The right of access to information being a fundamental right, the Summit calls on all states which are yet to implement the Freedom of Information Act 2011, including those states that have declared their intention to enact their own Laws, to do so in the earliest time possible as their continued delay in implementing the Act or enacting their own Laws amounts to violation of the rights of Nigerians, particularly those residents in such states, to access information held by the respective states.

 Various stakeholder groups, particularly the media, civil society and government public enlightenment agencies, should undertake public enlightenment activities to ensure better public understanding of the provisions of the Act and how to use it.  Such communication endeavours should be sustained over time to achieve the desired impact.

 In order to lessen the number of cases going to court and its attendant burden on information seekers, public institution defending such cases and the courts, ongoing efforts to amend the Federal Public Service Rules should include administrative sanctions for unjustified denials or delays of requests for information under the FOI Act.  This will provide an alternative to litigation which will be less cumbersome, less time-consuming and less costly for all parties concerned.

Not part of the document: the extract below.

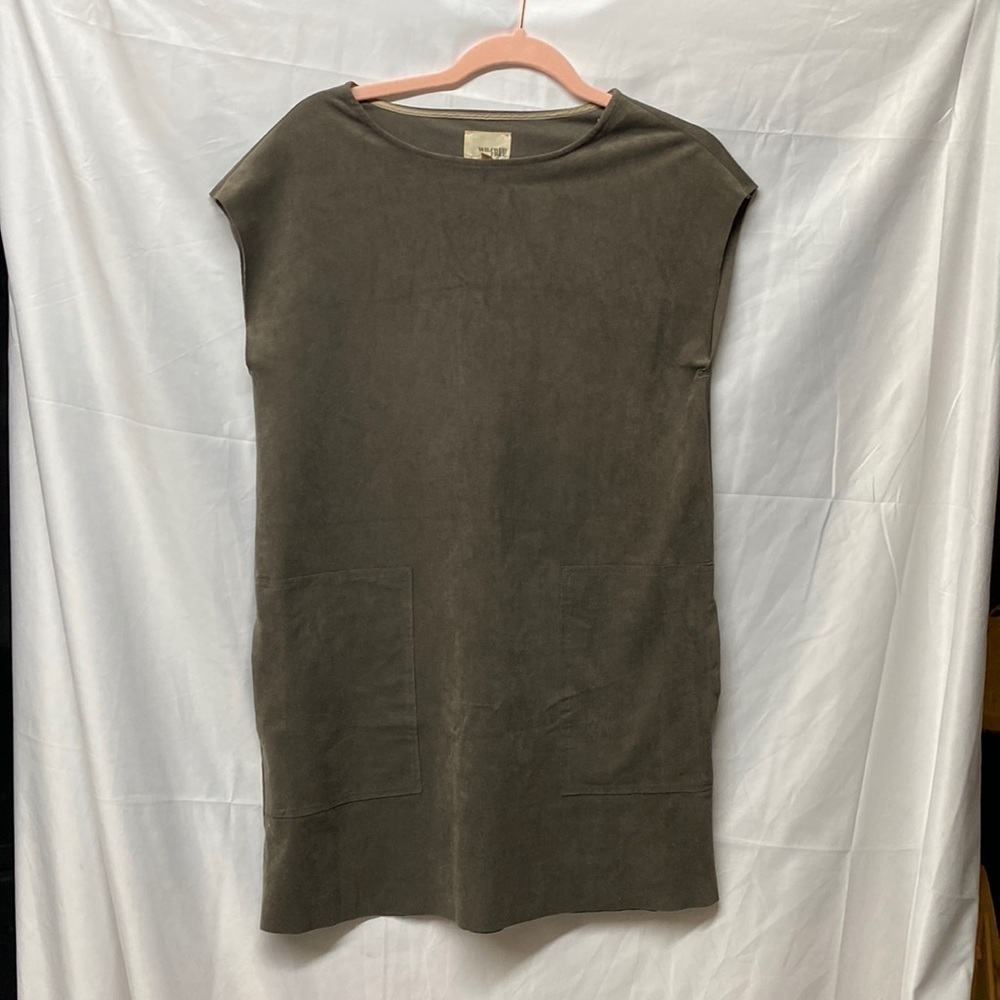 Wilfred (Aritzia) Suede Dress  shift light brown with pockets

 Public officers should be re-oriented on the superiority of the FOI Act to the Official Secrets Act. In this regard, we wish to commend to all public institutions the views of the Attorney-General of the Federation and Minister of Justice, Mr. Mohammed Bello Adoke (SAN) that “any inconsistency between the FOIA and the Official Secrets Act should ordinarily be resolved in favour of the Freedom of Information Act in accordance with the well-known cannon of statutory interpretation that a latter statute prevails where there is inconsistency between two statutes.   This is put beyond controversy by virtue of Sections 1, 27 and 28 of the Freedom of Information Act.”

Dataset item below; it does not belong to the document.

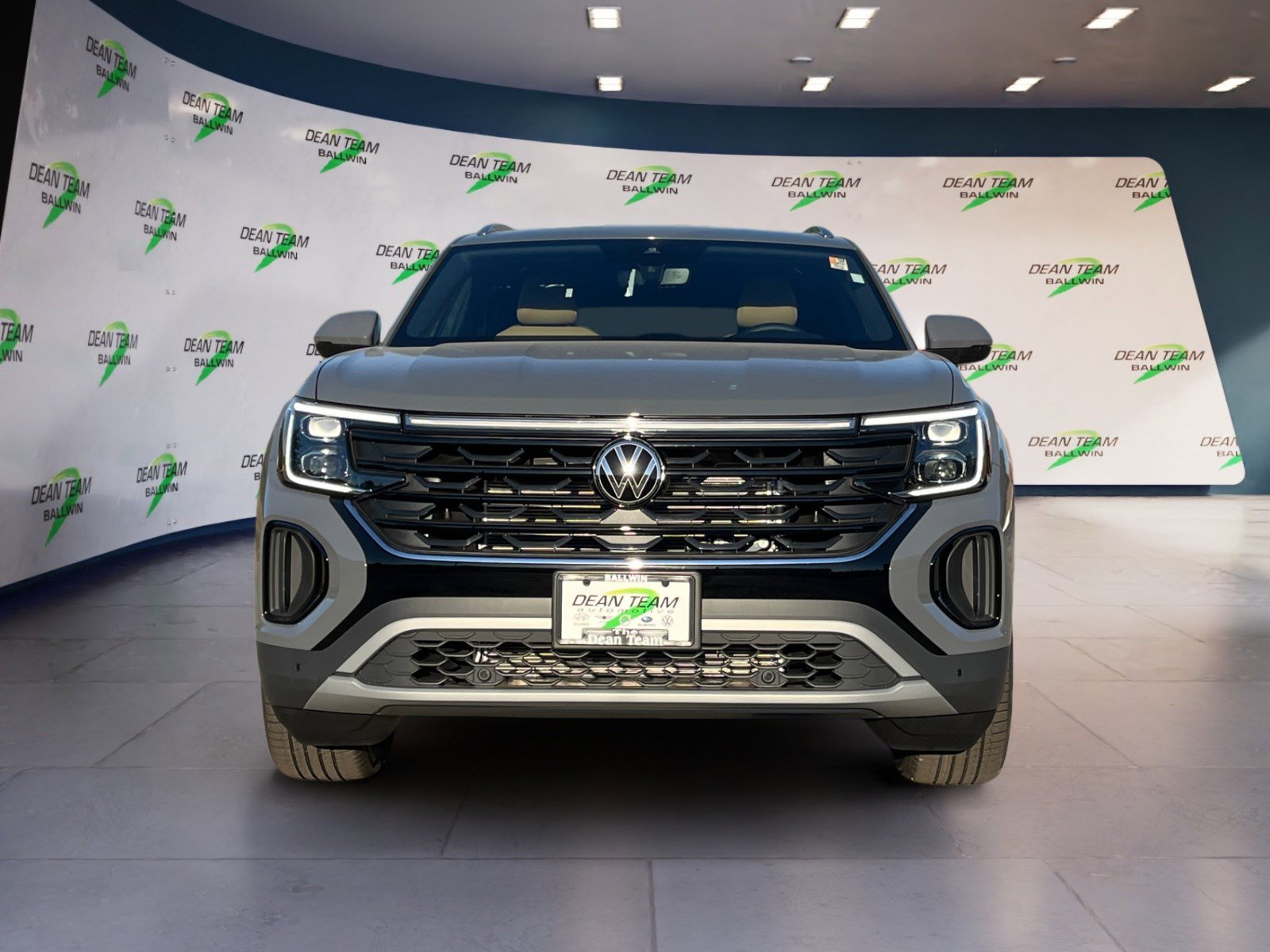 New 2026 Volkswagen Atlas Cross Sport SE image 2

Furthermore, the public service should embark on a re-classification of records under the Official Secrets Act so as to reduce conflict with the Freedom of Information Act, as advised by the Attorney-General of the Federation and Minister of Justice.

Public institutions should create or strengthen their internal structures for managing information and responding to information requests. Deliberate measures should be taken to ensure consultation and networking among various stakeholders, including governments and government bodies, civil society, the media and members of the public that will enhance the effective implementation of the Act.

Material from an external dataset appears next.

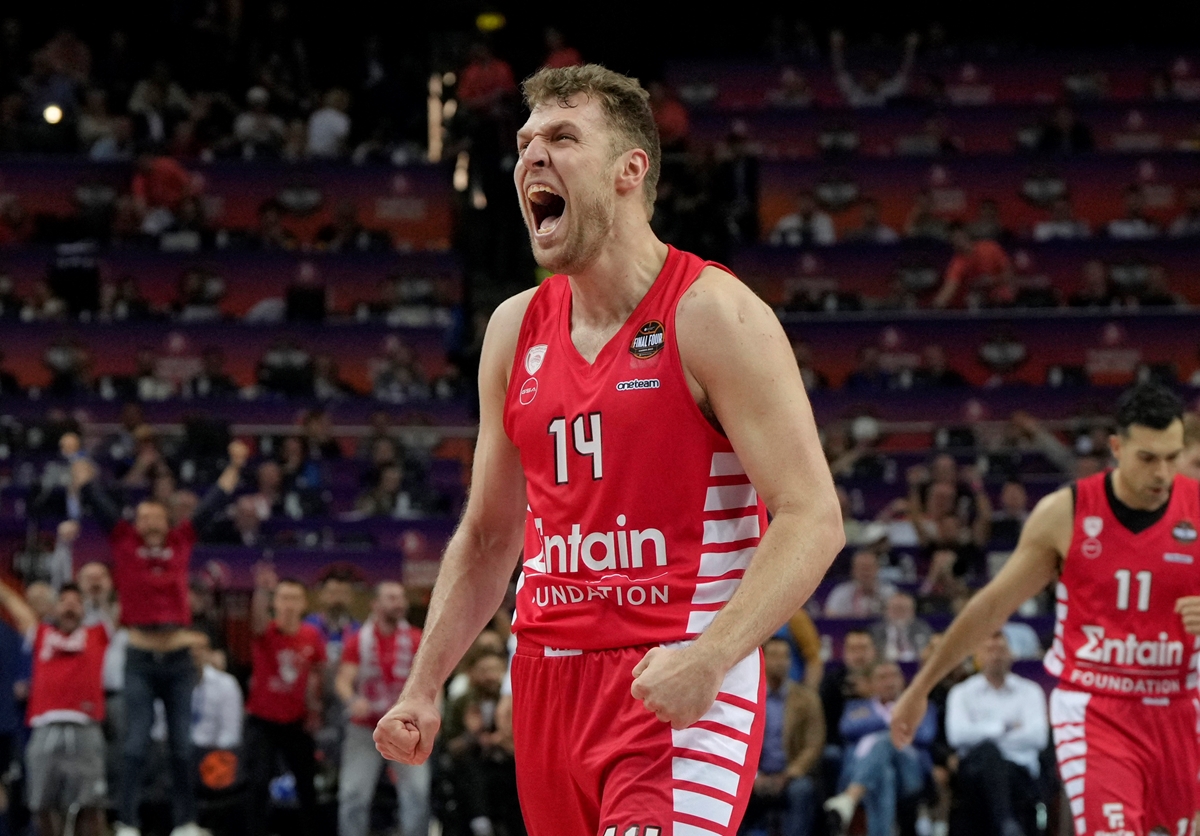 Александър Везенков е на подпис от историята - влезе ли в НБА, ще е най-великият български баскетболист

In order to ensure the effective implementation of the Freedom of Information Act, budgetary allocations should be made to support the implementation of the Act by various public institutions.  The Summit therefore calls upon the National Assembly to ensure that the necessary budgetary approvals are given for the year 2013 and beyond to advance FOI implementation.

The Summit calls on all public institutions that are yet to fulfill their proactive disclosure obligations under the Act to do so without further delay and urges the Attorney-General of the Federation to take measures to ensure compliance with this and other duties and obligations of public institutions under the Act.

Public institutions should explore the use of various ICT and social media tools in engaging the FOI Act, particularly in the area of proactive disclosures, including twitter, Facebook, mobile phone apps, blogs, multimedia tools, among others. 

Public institutions should also use electronic records management systems to enhance the implementation of the Act. In order to reduce implementation costs and unnecessary delays, public institutions are reminded that they do not need to create additional websites or portals for FOI implementation.  Existing websites or portals can be made more dynamic to take FOI issues on board.